Also note that combining
- the concept of lexical scope (which--we feel--is a nice thing for a programming language, as opposed to dynamic scope)
- with function definitions (lambda expressions) embedded deeply in the code (one could also call such definitions "nested functions" to be short)
can turn out to be a complex endeavor, both from the point of view of language implementation, and from the point of view of the programmer. There is even a special name for this complex thing: closure.
As Wikipedia writes:
Correct implementation of static scope
in languages with first-class nested
functions is not trivial, as it
requires each function value to carry
with it a record of the values of the
variables that it depends on (the pair
of the function and this environment
is called a closure).
This is not only non-trivial to implement in a langauge with global and/or mutable variables (like C or Java; think of ensuring a correct access at the moment of evaluation of a closure to the mutable state that was in scope at the place of the nested function definition! Just one thing: the used objects shouldn't have been destructed and garbage-collected when you evaluate the closure some time in the future), but also it is not trivial conceptually for a programmer to think about how the closure will work in a complex situation and which (side)-effects it will exactly have (for the same reason: you need to think about the interaction of the closure with all the mutable state that was in scope when you defined the closure, e.g.: When you refer inside a closure definition to an outer mutable variable that is in-scope, do you really want to access the value the variable had at the time of the definition of the closure, i.e., you want to have a read-only copy of the variable, or you want a full-blown access to the mutable state of the variable in the future at the time of an evaluation of the closure?).
In pure functional languages, it's much simpler to think about nested function definitions and their uses, and so having only lexical scope is not a problem for them at all. But if your language is not functional, it's not so trivial. (I believe it's one of the reason why it has been debated for a long time how to add closures to Java: they didn't seem to be trivial enough for a programmer to understand, although they just build upon the nice concept of lexical scope.)
Thinking about nested functions in non-purely functional languages is simpler with dynamic scope (although dynamic scope is not nice: you get less compile-time checks and guarantees about the correct behavior of your program with dynamic scope).
So I think the advantage of having dynamic scoping available in a language can also be the possibility to program some things in a simple way if one wants to and dares to do this given all the dangers of dynamic scope.
Notes
Regarding the long history of (no) closures in Java (and that the programmers didn't like the concept) -- http://people.csail.mit.edu/gregs/ll1-discuss-archive-html/msg04030.html:
Date: Thu, 14 Aug 2003 08:05:44 -0700
From: Michael Vanier
Subject: Re: bindings and assignments (was: Re: continuations)

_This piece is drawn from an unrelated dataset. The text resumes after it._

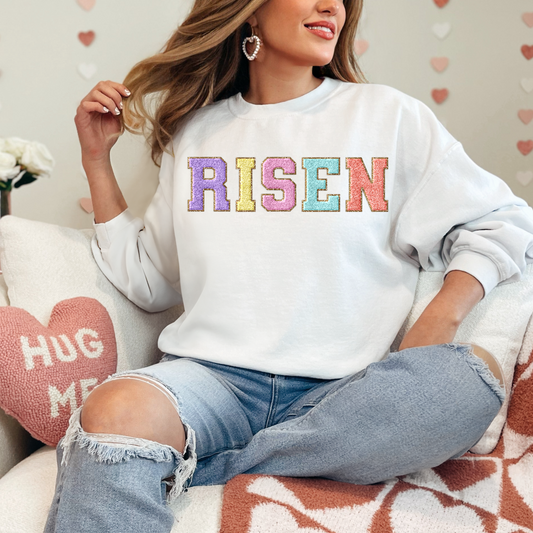 (Shirt not included) Faux Patch - RISEN - Matte Clear Film Transfer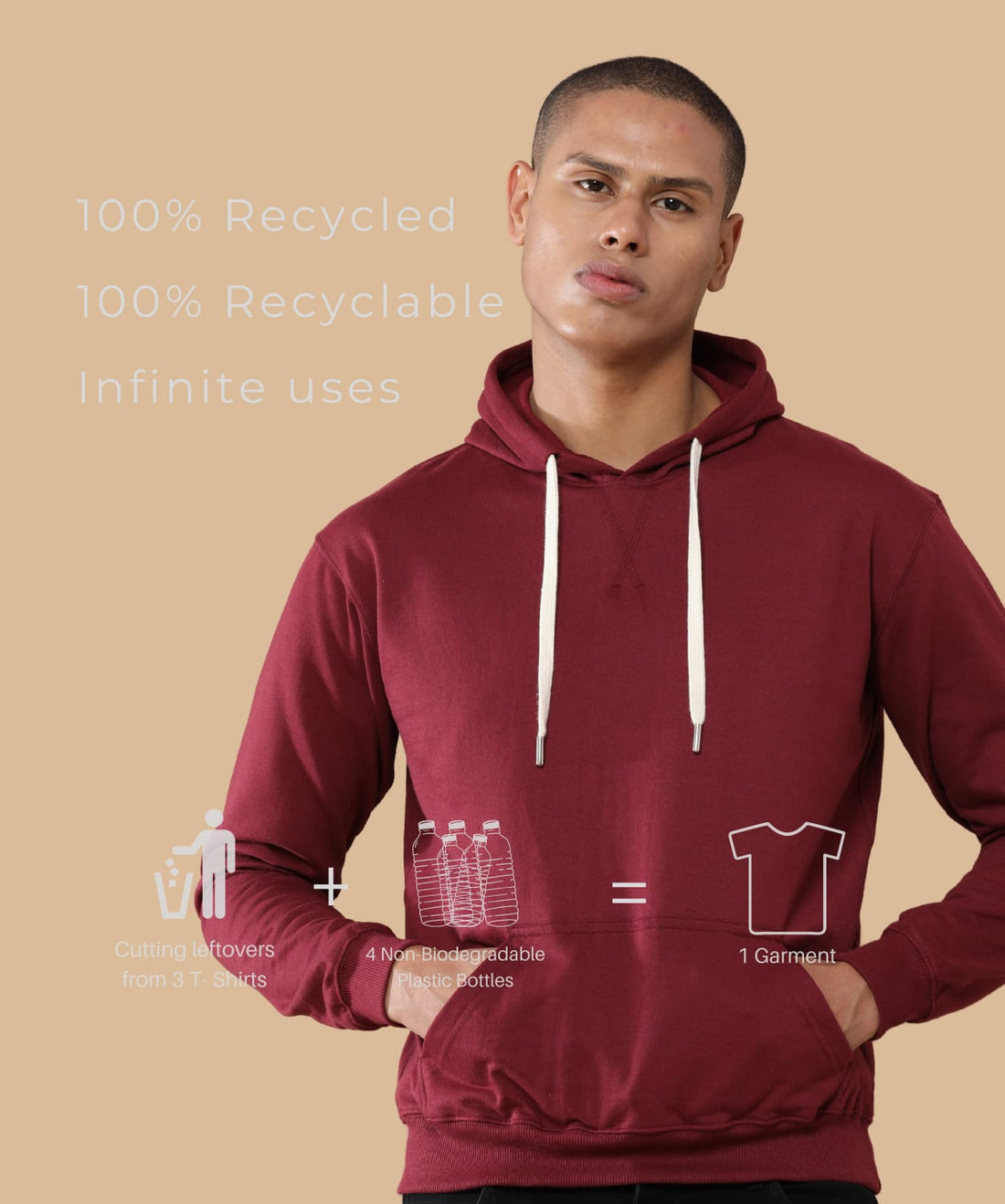 TDOM Men’s Classic French Wine Hoodie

Date: Thu, 14 Aug 2003 10:45:34 -0400
From: "David B. Tucker"
I imagine, though I don't have statistical evidence, that the
requirement of declaring local variables to be final in order to
reference them within anonymous inner classes (closures) is almost
entirely unknown and unused in practice.
Out of curiosity, does anyone know why Java only allows final
variables
to be referenced from within anonymous classes?
Dave
<cynic>Otherwise you'd have the equivalent of true closures,
and if you had that java would be a
*really* powerful and useful language, so they obviously couldn't do that.
</cynic>
Actually, the prototype implementation
did allow non-final variables to be referenced from within inner classes.
There was an outcry from users,
complaining that they did not want
this! The reason was interesting: in
order to support such variables, it
was necessary to heap-allocate them,
and (at that time, at least) the
average Java programmer was still
pretty skittish about heap allocation
and garbage collection and all that.
They disapproved of the language
performing heap allocation "under the
table" when there was no occurrence of
the "new" keyword in sight.
So, in the early days--apparently--a "third" approach (as opposed to the two I have mentioned in my text above) was to be taken in Java: neither "read-only copies", nor real access at the time of the evaluation to the enclosing (at the time of the definition of the closure) mutable state, but rather mutable copies of the state (at least, I understand the quoted passage this way; or no, is he talking about heap-allocating just the references?.. Then it's the second option. Good. The third option really looks not sensible to me.). Not sure how they are implementing closures nowadays in Java, I haven't been following the new recent stuff about Java.